9. Given the said judicial pronouncement of the Hon'ble Supreme Court

and which has also been followed by all the High Courts including the

High Court of Chhattisgarh in a series of judgments in this regard, this

Court is of the opinion that the finding of the Claims Tribunal to the

extent of exonerating the Insurance Company does not seem to be

proper, legal and justified. The impugned award accordingly stands

modified to the extent that the respondent no.3 Insurance Company

shall be jointly and severely liable to pay the compensation quantified.

10. As regards the quantum of compensation, the claimants have

pleaded and stated before the Tribunal that the deceased was

working as a Marble Mistri. It was also the contention of the appellant

before the Court below that the deceased was getting an income of

Rs.200/- a day i.e. Rs.6,000/- a month. Though admittedly there is no

proof of the wages of the deceased to be Rs.200/- a day, what strikes

the conscious of this Court is the fact that even at the time of accident

i.e. in March, 2006, a Marble Mistri was definitely getting around

rupees 200/- a day which makes it Rs.6,000/- a month. The monthly

income of Rs.3,000/- as assessed by the Tribunal would bring the

income of the deceased who was a Mabel Mistri to only Rs.100/- a

day which could perhaps have been the income of an unskilled labour

then.
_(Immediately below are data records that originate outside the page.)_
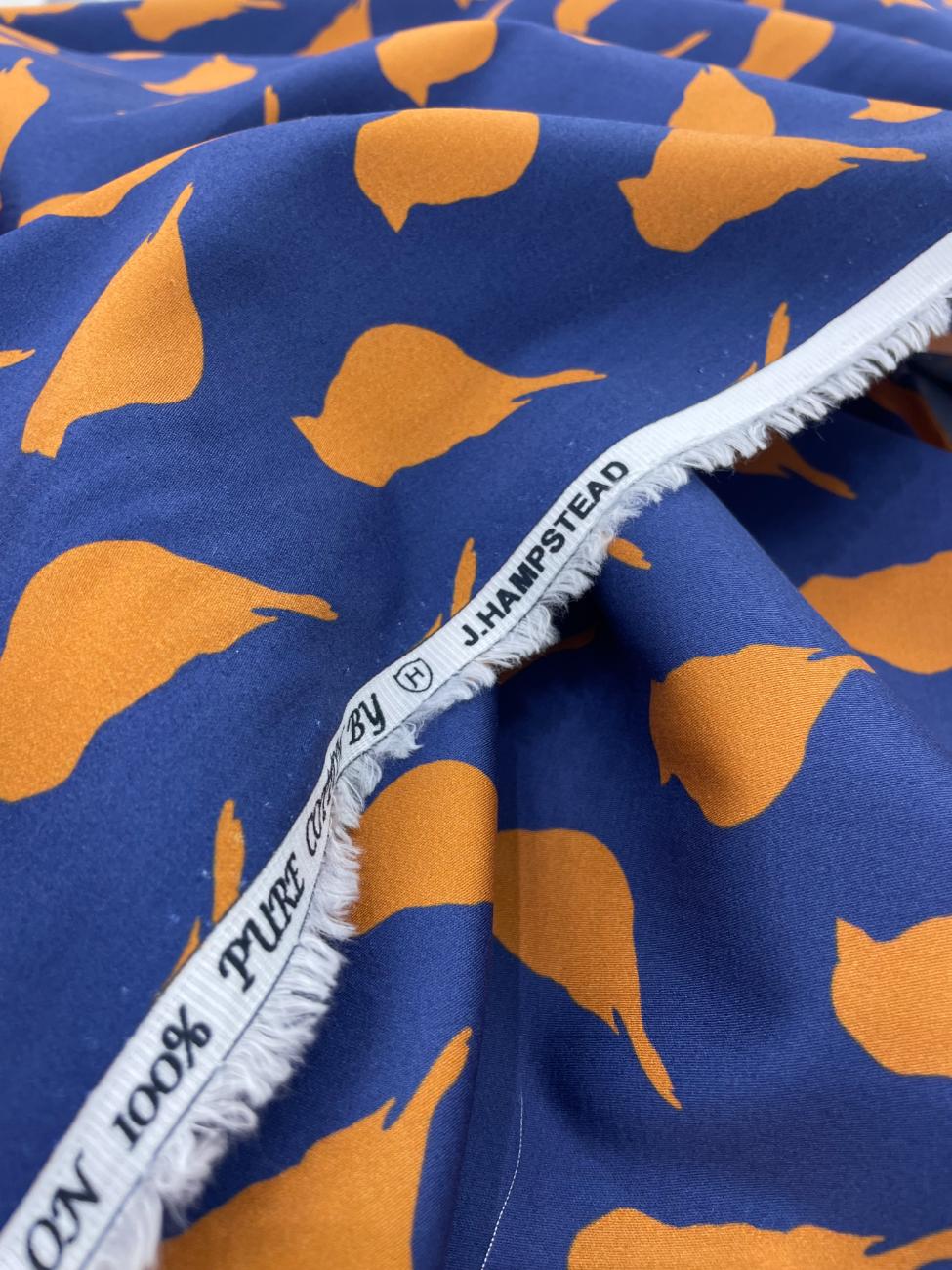 J.Hampstead Bird Print Luxury Giza Cotton Fabric for Men's Shirt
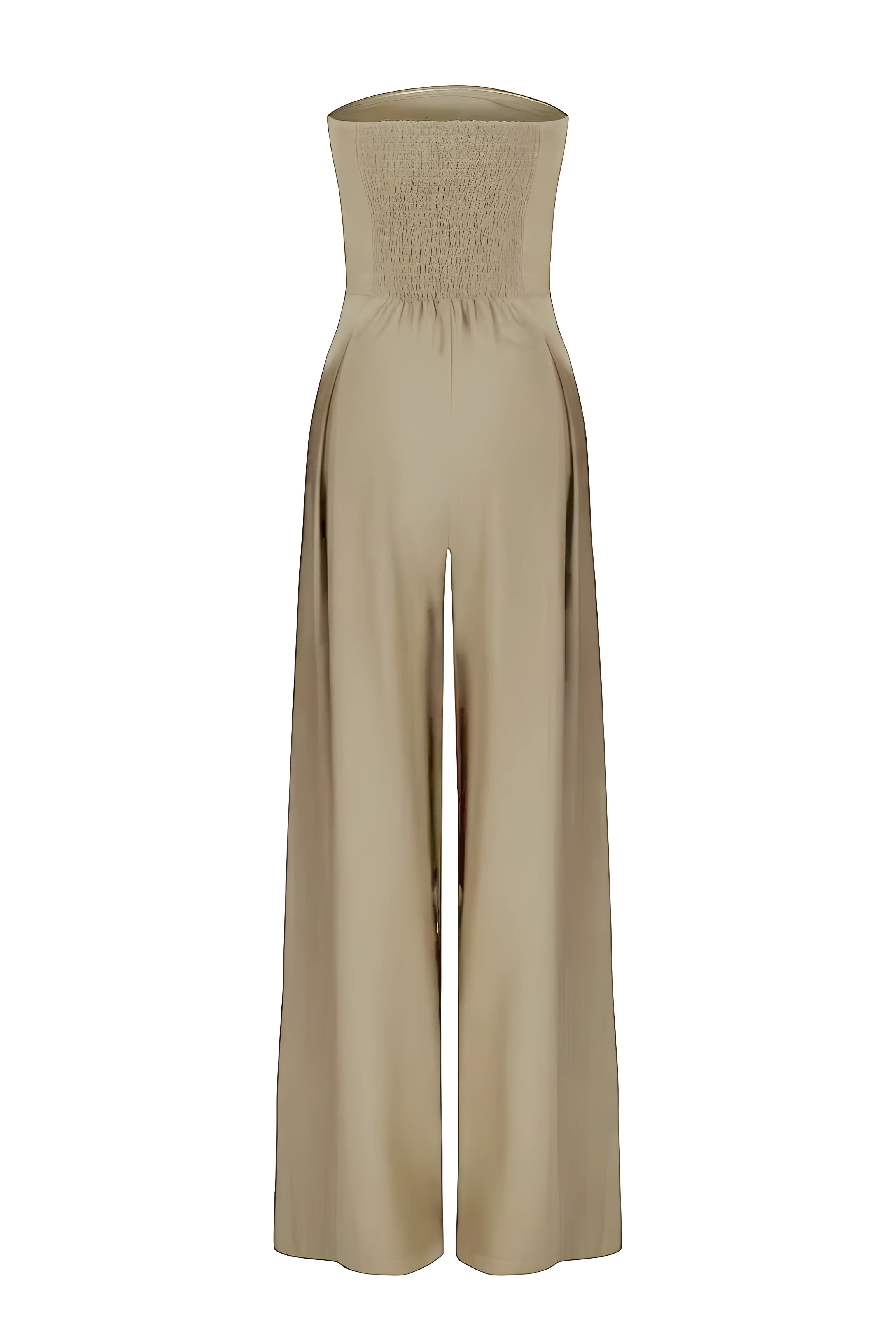 Women's Modern Wide-Leg Jumpsuit Strapless Top Elegant Tailored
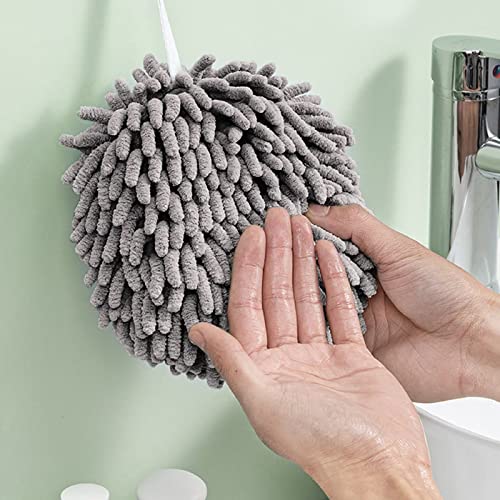 4 Pack Microfiber Ball Towels,Hand Towels with Hanging Loops Fluffy Chenille Hand Towels Bathroom Thick Absorbent Towel with Hooks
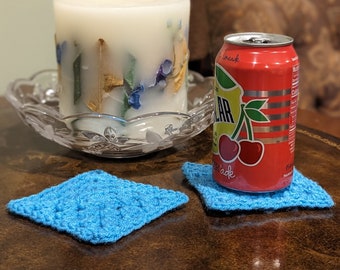 Crochet Blue Granny Square Coaster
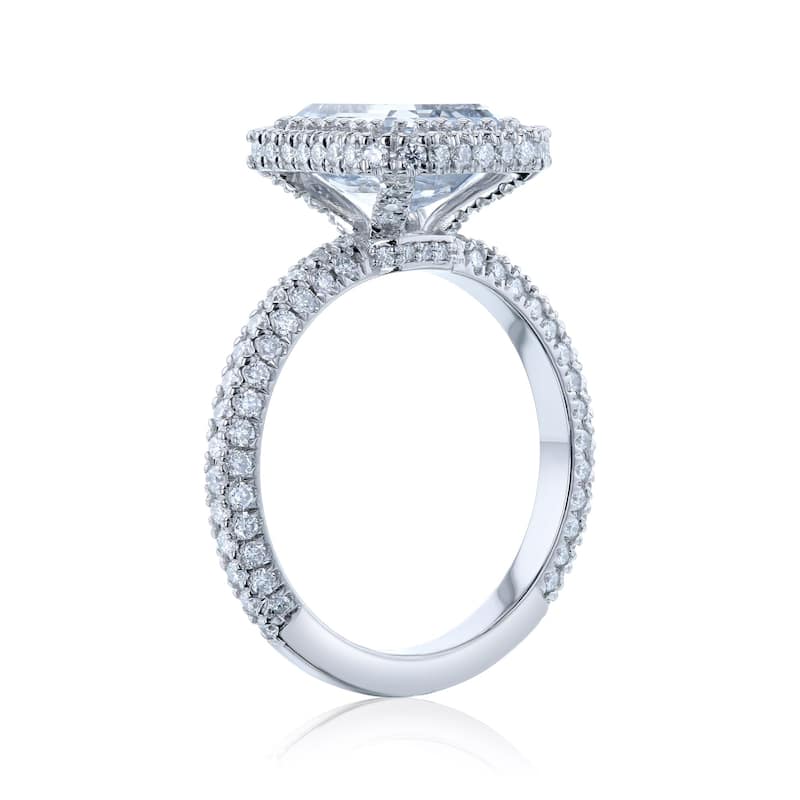 Kobelli 4.52 Carats Light Blue Diamond IGI Certified Solid 14k White Gold Double Halo Near Eternity Delphi Ring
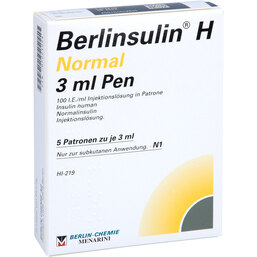 Abbildung: Berlinsulin H Normal Pen Injektionslösung 5X3 ml, Injektionslösung PZN 07221224
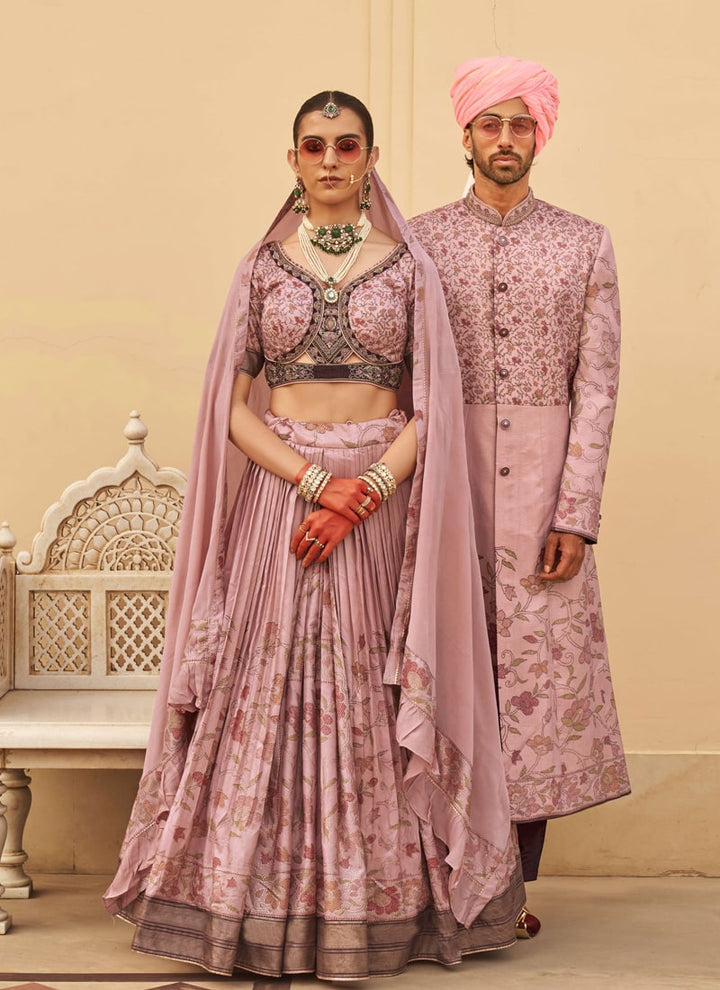 Lassya Fashion Mauve Pink Couple Wedding Lehenga and Sherwani Set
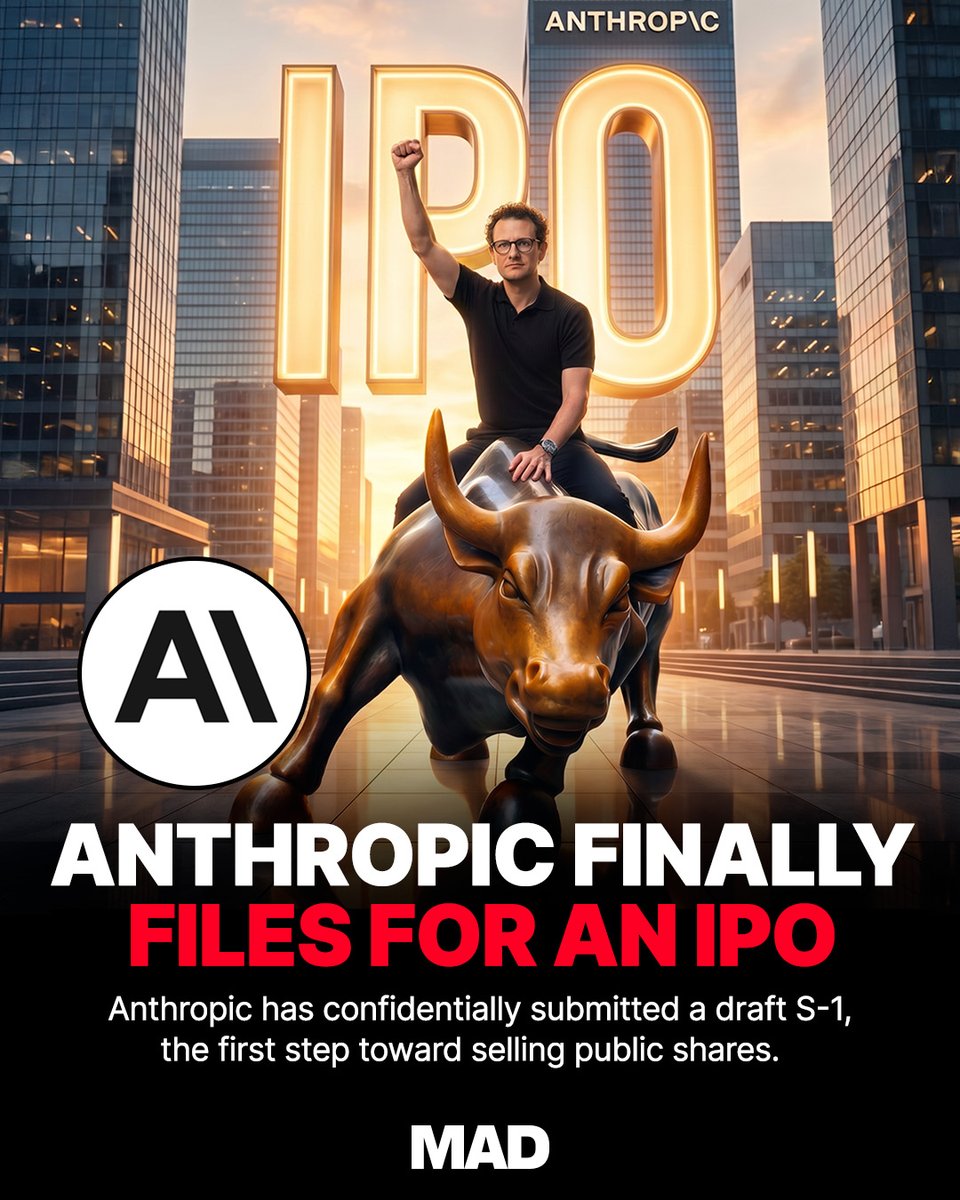 mobileappdaily's tweet photo. @AnthropicAI has confidentially filed IPO papers with the SEC, taking its first official step toward going public.

But if this IPO happens, it could become one of AI’s biggest public market tests.

#claude #anthropic https://t.co/vDt6XhQfWh
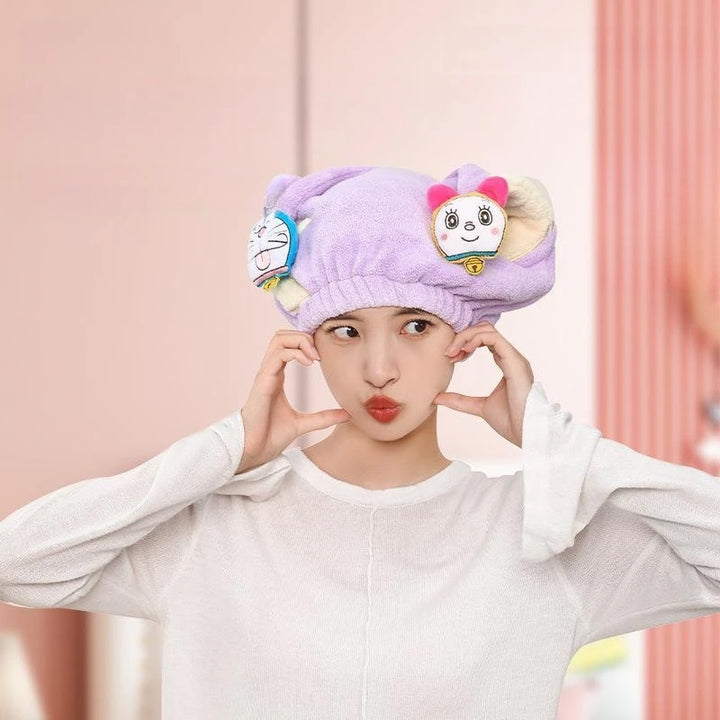 Cartoon Doraemon ‌Hair-drying Cap Water-absorbing Dry Hair Towel Cute Triangle Cap Water-absorbing Quick Dry Hat Christmas Gift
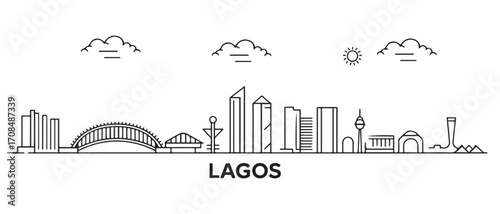 Lagos Line Art skyline horizontal banner. Lagos, Nigeria. Vector template for your design. with white background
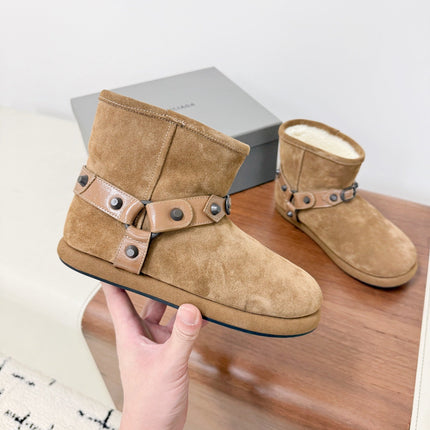 BALENCIAGA 25S ALASKA ANKLE BOOTS IN LIGHT BROWN SUEDE AND LAMBSKIN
Thus, this Court is of the opinion that the income assessed by

the Tribunal while quantifying the compensation on the death of the

deceased seems to be on the lower side.

11. Accordingly, this Court assesses the income of the deceased to

be Rs.6,000/- per month in stead of Rs.3,000/- which would bring the

annual income of the deceased to be Rs.72,000/-. Applying the

multiplier of 17 the amount would come to Rs.12,24,000/- of which if

1/3 is deducted towards self expenses i.e. Rs.4,08,000/- from

Rs.12,24,000/-, the amount would come to Rs.8,16,000/- which would

be the amount of compensation payable to the appellant as also the

respondent no.4 widow.

12. This Court at this juncture would not like to interfere with the

other compensation awarded by the Court below. Thus, the total

compensation payable to the appellant and the respondent no.4

widow would become 8,16,000 + 20,000 (compensation paid towards

other heads) = Rs.8,36,000/- in stead of Rs.4,28,000/- as quantified

by the Claims Tribunal.

13. The impugned award thus stands modified to the aforesaid

extent. The rate of interest as awarded by the Tribunal shall remain

intact. The distribution of compensation between appellant and

respondent no.4 would also be at the same ratio as has been ordered

by the Tribunal. The Insurance Company shall make the necessary

payment at the earliest preferably within a period of 60 days from the

date of receipt of copy of this order.

14. The appeal thus stands allowed and disposed of.